Além de uma resposta mais duradoura do medicamento, a versão subcutânea do infliximabe ainda facilita ao paciente seguir o tratamento, porque evita que ele tenha que se deslocar para os centros de infusão a cada dois meses, onde permaneceria por duas horas recebendo o remédio de forma endovenosa.

“Cada vez que nós temos novas moléculas com mais fácil aplicabilidade, com mais fácil adesão ao tratamento e que vai trazer benefícios para o nosso paciente, a gente cada dia comemora mais”, celebra Marta Machado, presidente da Associação Brasileira de Colite Ulcerativa e Doença de Crohn (ABCD) que esteve junto dos pacientes na luta pela incorporação do medicamento.

Ela ressalta ainda que ter uma gama de alternativas terapêuticas oferece ao paciente a possibilidade de escolher, junto ao médico, qual é a melhor para ele. Algumas pessoas com doenças inflamatórias crônicas podem preferir tomar o medicamento nos centros de infusão, enquanto, para outras, é mais fácil tomar em casa.

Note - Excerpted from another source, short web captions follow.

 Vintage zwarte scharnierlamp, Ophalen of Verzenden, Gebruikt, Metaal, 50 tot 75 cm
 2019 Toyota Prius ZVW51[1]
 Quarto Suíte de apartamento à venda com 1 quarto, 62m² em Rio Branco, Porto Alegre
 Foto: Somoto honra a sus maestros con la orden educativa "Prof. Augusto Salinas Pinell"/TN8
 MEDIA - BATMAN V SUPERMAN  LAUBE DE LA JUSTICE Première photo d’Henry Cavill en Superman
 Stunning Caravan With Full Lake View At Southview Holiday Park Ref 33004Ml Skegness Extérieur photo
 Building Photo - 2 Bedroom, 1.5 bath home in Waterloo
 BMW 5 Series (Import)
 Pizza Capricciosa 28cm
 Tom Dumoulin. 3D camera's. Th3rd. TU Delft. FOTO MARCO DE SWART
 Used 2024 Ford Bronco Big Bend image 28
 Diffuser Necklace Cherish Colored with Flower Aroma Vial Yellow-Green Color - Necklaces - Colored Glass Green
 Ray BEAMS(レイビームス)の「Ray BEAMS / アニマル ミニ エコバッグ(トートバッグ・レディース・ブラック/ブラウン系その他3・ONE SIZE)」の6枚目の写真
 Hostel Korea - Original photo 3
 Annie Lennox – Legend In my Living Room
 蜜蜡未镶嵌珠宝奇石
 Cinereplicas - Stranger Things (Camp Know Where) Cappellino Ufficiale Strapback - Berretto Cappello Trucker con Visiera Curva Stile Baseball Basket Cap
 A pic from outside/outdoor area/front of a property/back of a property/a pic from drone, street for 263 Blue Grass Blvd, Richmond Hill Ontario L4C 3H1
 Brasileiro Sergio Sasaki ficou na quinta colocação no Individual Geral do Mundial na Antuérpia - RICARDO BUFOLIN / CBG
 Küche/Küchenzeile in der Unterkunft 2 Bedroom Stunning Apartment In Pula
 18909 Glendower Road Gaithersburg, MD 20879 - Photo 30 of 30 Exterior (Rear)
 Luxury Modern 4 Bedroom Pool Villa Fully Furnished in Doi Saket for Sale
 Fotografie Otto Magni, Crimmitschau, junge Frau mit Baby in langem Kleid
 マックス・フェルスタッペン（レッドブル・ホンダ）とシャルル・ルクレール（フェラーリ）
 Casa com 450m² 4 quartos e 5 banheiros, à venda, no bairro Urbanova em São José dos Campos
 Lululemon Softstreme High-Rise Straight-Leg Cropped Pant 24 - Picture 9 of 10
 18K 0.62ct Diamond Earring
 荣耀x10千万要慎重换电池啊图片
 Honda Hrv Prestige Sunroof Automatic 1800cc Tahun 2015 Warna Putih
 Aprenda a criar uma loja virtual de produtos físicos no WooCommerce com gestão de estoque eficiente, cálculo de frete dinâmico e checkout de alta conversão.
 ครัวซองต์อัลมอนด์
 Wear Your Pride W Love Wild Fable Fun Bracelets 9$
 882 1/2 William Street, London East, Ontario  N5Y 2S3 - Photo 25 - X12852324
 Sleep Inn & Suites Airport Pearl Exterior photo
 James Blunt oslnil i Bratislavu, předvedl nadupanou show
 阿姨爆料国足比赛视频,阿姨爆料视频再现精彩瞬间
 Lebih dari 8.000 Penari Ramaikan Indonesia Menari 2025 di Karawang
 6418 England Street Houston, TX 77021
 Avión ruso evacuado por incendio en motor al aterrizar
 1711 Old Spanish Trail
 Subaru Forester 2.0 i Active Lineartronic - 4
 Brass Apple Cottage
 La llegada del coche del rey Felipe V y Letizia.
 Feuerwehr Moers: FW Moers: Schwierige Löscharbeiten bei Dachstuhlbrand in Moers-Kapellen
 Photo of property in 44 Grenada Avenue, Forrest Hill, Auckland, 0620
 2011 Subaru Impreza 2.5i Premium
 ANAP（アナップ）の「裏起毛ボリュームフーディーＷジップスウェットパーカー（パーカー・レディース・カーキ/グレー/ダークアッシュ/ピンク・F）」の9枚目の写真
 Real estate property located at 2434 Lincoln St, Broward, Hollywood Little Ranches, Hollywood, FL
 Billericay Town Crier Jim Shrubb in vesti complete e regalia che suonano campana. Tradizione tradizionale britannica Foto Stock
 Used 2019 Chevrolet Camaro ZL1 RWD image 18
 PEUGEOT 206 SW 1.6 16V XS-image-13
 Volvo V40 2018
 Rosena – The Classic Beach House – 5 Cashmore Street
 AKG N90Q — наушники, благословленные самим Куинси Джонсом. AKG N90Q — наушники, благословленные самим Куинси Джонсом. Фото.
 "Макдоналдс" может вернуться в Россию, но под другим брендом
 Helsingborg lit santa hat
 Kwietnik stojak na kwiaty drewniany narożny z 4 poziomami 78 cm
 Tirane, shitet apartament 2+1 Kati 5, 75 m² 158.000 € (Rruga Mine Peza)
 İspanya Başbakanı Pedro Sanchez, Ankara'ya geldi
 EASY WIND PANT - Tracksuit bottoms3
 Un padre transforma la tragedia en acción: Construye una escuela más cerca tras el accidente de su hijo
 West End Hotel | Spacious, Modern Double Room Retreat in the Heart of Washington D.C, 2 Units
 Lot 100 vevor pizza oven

“Nós estamos falando de uma doença até o momento incurável que pega uma faixa etária de pacientes jovens que estão planejando a sua vida. As terapias avançadas realmente vieram para mudar o panorama dessa doença que de fato é devastadora. Cada vez que chega uma nova tecnologia ou uma molécula com custo mais acessível, em que eu vou conseguir tratar mais pacientes com a mesma eficácia e segurança, ela é muito bem-vinda”, destaca a gastroenterologista.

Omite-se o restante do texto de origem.